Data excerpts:
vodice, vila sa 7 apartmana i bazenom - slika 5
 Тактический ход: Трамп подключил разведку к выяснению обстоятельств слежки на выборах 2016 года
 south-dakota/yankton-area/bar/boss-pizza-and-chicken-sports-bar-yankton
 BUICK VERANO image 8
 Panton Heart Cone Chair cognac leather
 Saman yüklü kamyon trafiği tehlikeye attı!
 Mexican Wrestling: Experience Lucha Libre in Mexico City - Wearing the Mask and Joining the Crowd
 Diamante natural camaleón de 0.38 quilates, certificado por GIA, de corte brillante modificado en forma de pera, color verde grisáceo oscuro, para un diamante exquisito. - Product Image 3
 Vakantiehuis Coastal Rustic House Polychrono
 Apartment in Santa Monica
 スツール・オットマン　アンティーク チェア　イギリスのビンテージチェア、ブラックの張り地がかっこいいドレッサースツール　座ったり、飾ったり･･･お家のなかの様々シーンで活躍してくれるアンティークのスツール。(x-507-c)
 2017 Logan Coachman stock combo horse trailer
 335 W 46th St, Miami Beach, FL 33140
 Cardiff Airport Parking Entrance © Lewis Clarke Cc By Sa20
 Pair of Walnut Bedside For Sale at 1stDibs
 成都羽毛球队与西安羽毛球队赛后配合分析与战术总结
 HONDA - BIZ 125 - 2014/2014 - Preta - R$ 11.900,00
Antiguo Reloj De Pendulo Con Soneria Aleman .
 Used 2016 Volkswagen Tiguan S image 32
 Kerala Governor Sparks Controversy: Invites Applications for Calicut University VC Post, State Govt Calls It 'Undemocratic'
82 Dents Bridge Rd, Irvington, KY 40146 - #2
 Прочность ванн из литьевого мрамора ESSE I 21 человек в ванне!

YOUR GOAL: All lines above from the one with "スツール・オットマン　アンテ" to the one with "HONDA - BIZ", inclusive, should be copied exactly, and no other lines.

RESULT OF THIS TASK:
 スツール・オットマン　アンティーク チェア　イギリスのビンテージチェア、ブラックの張り地がかっこいいドレッサースツール　座ったり、飾ったり･･･お家のなかの様々シーンで活躍してくれるアンティークのスツール。(x-507-c)
 2017 Logan Coachman stock combo horse trailer
 335 W 46th St, Miami Beach, FL 33140
 Cardiff Airport Parking Entrance © Lewis Clarke Cc By Sa20
 Pair of Walnut Bedside For Sale at 1stDibs
 成都羽毛球队与西安羽毛球队赛后配合分析与战术总结
 HONDA - BIZ 125 - 2014/2014 - Preta - R$ 11.900,00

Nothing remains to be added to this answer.